Bendera-bendera itu muncul seperti fajar perlahan tapi pasti. Mulanya hanya satu dua rumah yang memasang. Esoknya deretan bendera membentang hingga ke ujung desa. Hingga akhirnya, pada suatu pagi di desa Rejosari Kecamatan Sawahan Kabupaten Madiun telah menjelma menjadi hamparan merah putih yang membanggakan.

Tidak ada pemimpin upacara, tidak ada coordinator kegiatan. Gerakan ini murni datang dari hati. “Kami hanya ingin mengenang perjuangan para pahlawan dengan cara kami sendiri”, ucap salah satu warga yang tinggal di daerah tersebut.
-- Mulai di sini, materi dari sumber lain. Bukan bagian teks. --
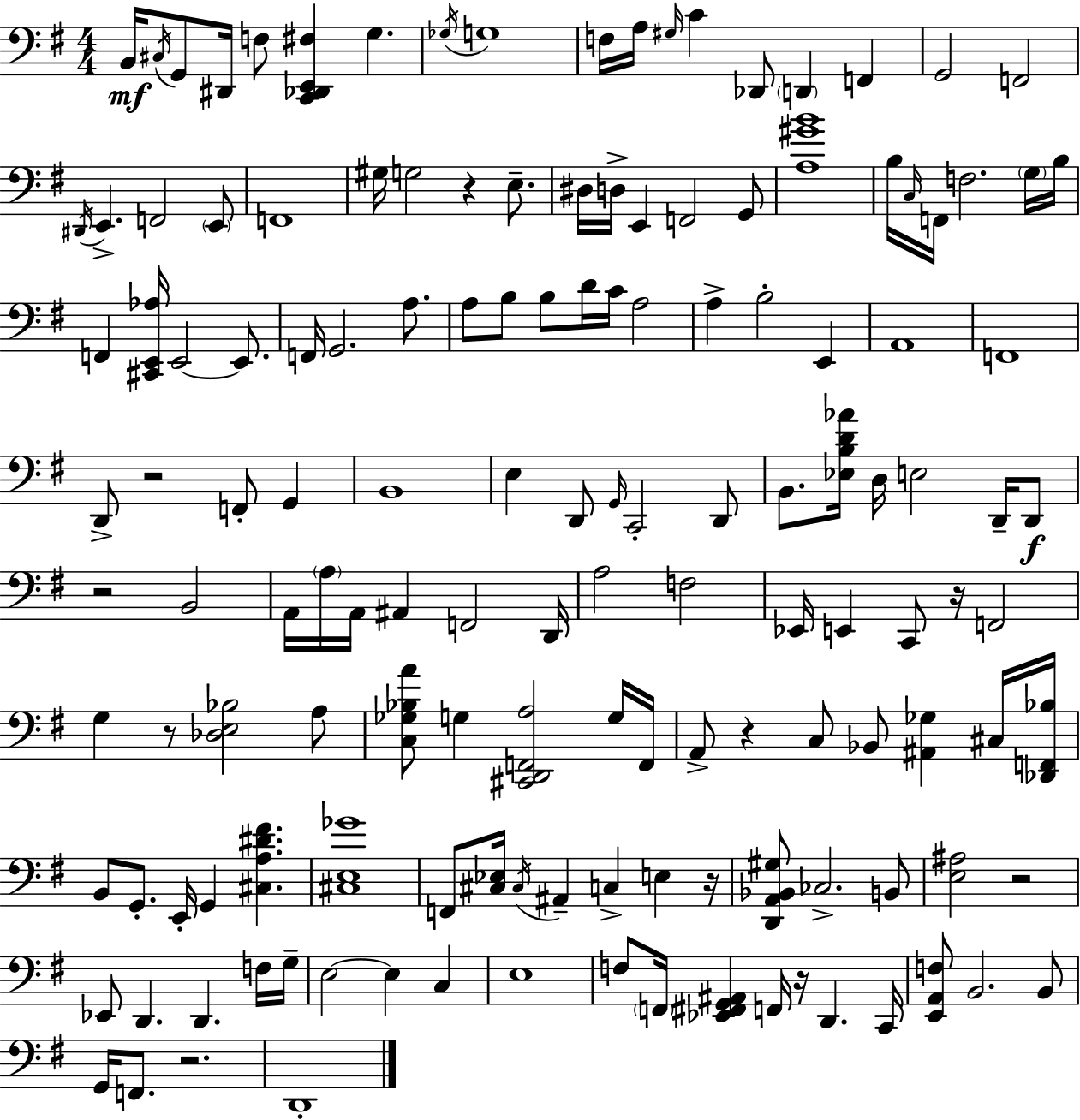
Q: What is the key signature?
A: G major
Dari situlah semuanya bermula. Warga mulai saling mengingatkan, saling membantu membuat tiang, meminjam alat, bahkan membuat hiasan dari barang bekas untuk memperindah lingkungan. Yang muda membantu yang tua, yang tidak mempunyai bendera juga dipinjami. Tidak ada yang merasa paling berjasa, karena semuanya bergerak sebagai satu kesatuan rakyat indonesia yang mencintai negerinya.
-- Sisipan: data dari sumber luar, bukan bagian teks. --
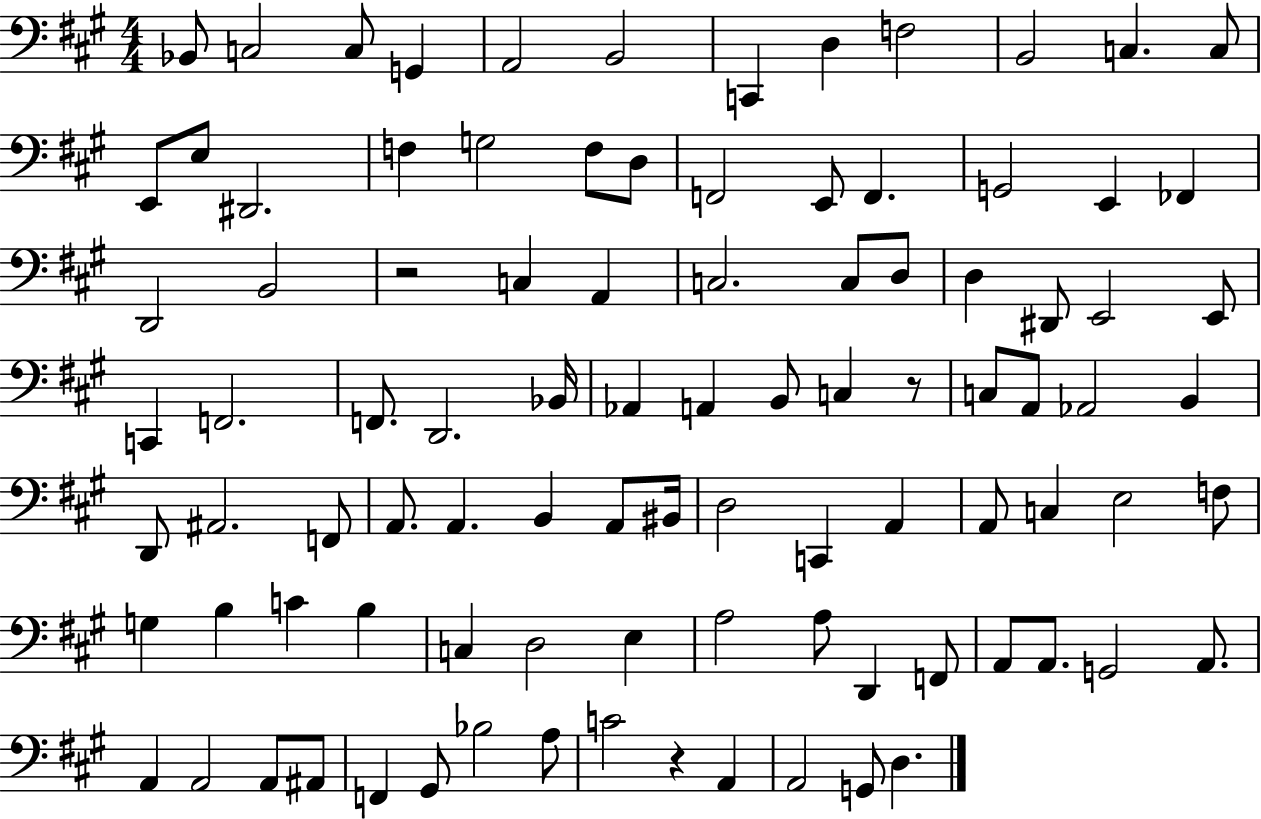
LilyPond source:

{
  \clef bass
  \numericTimeSignature
  \time 4/4
  \key a \major
  \repeat volta 2 { bes,8 c2 c8 g,4 | a,2 b,2 | c,4 d4 f2 | b,2 c4. c8 | \break e,8 e8 dis,2. | f4 g2 f8 d8 | f,2 e,8 f,4. | g,2 e,4 fes,4 | \break d,2 b,2 | r2 c4 a,4 | c2. c8 d8 | d4 dis,8 e,2 e,8 | \break c,4 f,2. | f,8. d,2. bes,16 | aes,4 a,4 b,8 c4 r8 | c8 a,8 aes,2 b,4 | \break d,8 ais,2. f,8 | a,8. a,4. b,4 a,8 bis,16 | d2 c,4 a,4 | a,8 c4 e2 f8 | \break g4 b4 c'4 b4 | c4 d2 e4 | a2 a8 d,4 f,8 | a,8 a,8. g,2 a,8. | \break a,4 a,2 a,8 ais,8 | f,4 gis,8 bes2 a8 | c'2 r4 a,4 | a,2 g,8 d4. | \break } \bar "|."
}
Menariknya, gerakan ini tidak dipublikasikan di media sosial. Tidak satu pun warga sibuk mengambil foto atau membuat video viral. Mereka lebih memilih fokus pada makna, bukan sorotan. Justru karena itulah, kabar ini menyebar dari mulut ke mulut dan menginspirasi desa-desa lain untuk melakukan hal serupa.

Apa yang dilakukan warga Desa Rejosari adalah pengingat bahwa kemerdekaan tidak hanya dirayakan dengan kemeriahan, tetapi juga bisa dikenang lewat ketulusan dan kebersamaan. Dalam kesederhanaan, mereka menunjukkan bahwa nasionalisme tidak pernah hilang hanya kadang tertidur, menunggu dibangkitkan dengan cara yang paling jujur.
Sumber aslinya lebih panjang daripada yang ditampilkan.